The clinical profile of antituberculosis treatment (ATT)-induced hepatotoxicity is variable, and the reintroduction of ATT in patients who have developed such injury is controversial. We conducted a prospective study to determine the clinical profile in patients with ATT-induced hepatotoxicity and to test a predefined strategy of reintroduction of ATT. Seventy-two consecutive patients with clinical evidence of ATT-induced hepatotoxicity were included. Jaundice was the presenting symptom in 44 (61%) patients; prodromal symptoms were present in 28 (39%). Serious complications developed in 12 (16.6%) patients (fulminant hepatic failure in seven, subacute hepatic failure in four, hepatic encephalopathy in one). Nine patients (three males, six females) died from these complications.
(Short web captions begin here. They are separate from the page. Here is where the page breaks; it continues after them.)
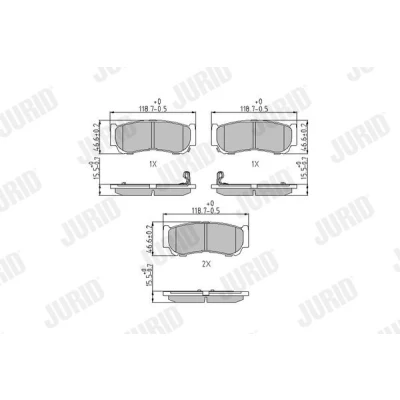 Kuva JURID 572608J Jarrupalat akustisella kulumavaroittimella Ilman tarvikkeita HYUNDAI: SANTA FE 2, H 1 Van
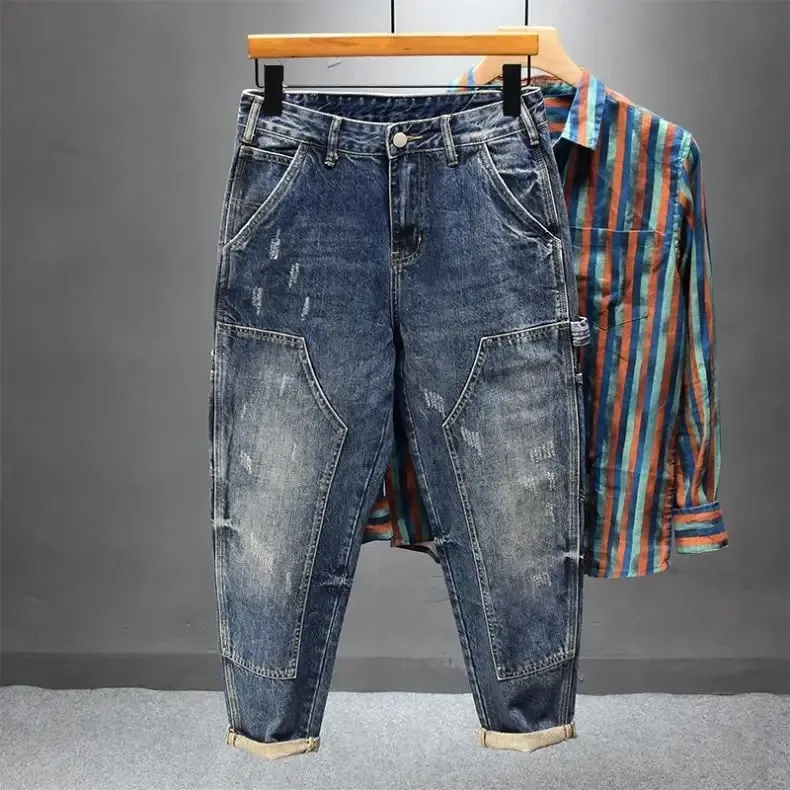 Heavy Trendy 2025 Brand Tooling Multi-pocket Jeans Men's Trend Loose Retro Small Feet Harlan Patchwork Cargo Straight Pants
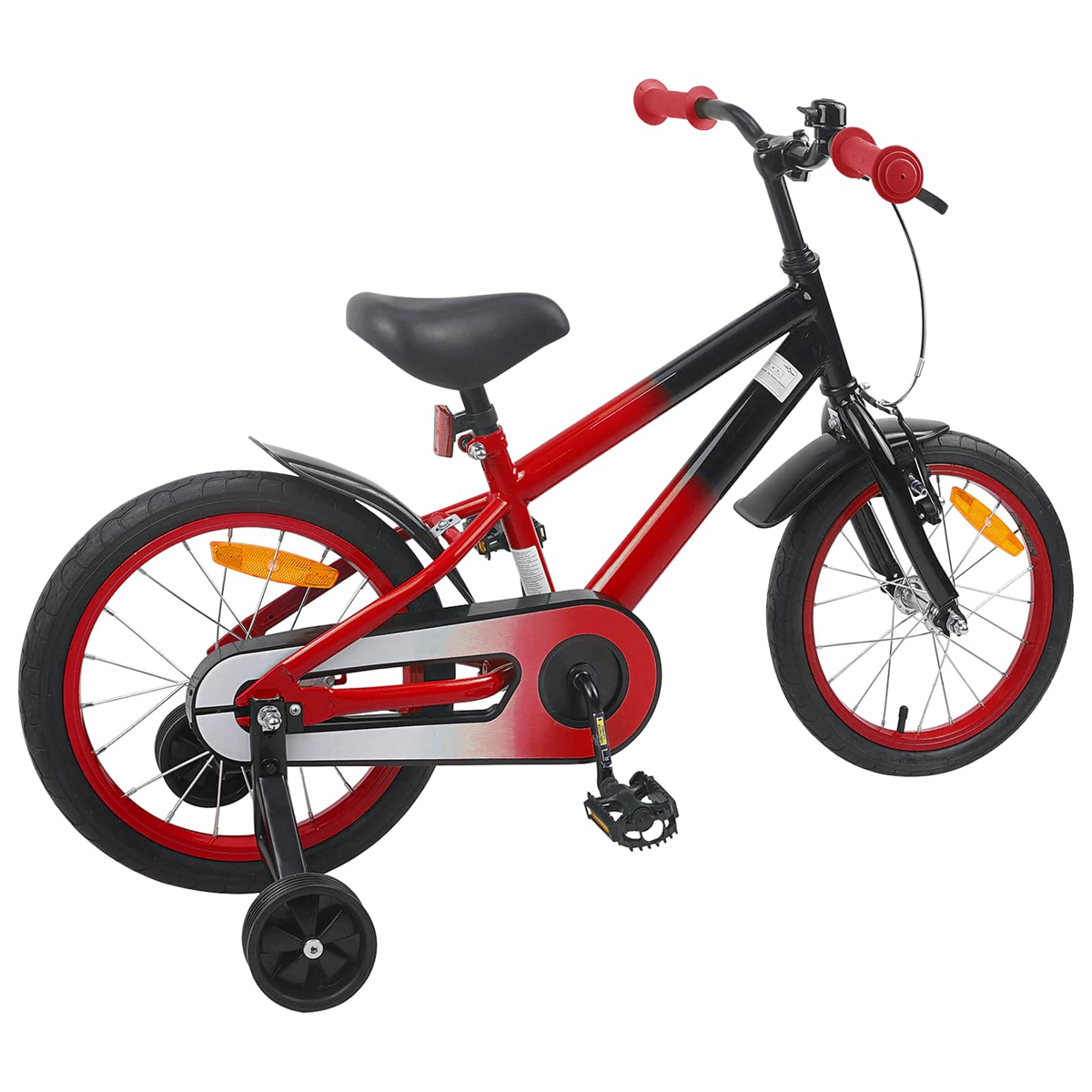 Ein rotes und schwarzes Kinderfahrrad mit Stützrädern und roten Griffen.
The mean duration of treatment before the onset of hepatitis was significantly longer in the group that died (53.22 +/- 36.22 days) than in the rest of the patients (31.07 +/- 30.30 days; p < 0.01). Malnutrition was present in 37 of the 72 patients. After resolution of drug induced hepatitis, reintroduction of isoniazid and rifampicin was possible in 41 of 44 patients. Thus, our results showed that ATT-induced hepatitis carried significant morbidity and mortality, that malnutrition was common in patients with ATT-related hepatitis, and that potentially hepatotoxic antituberculosis agents could be safely reintroduced after recovery from hepatitis.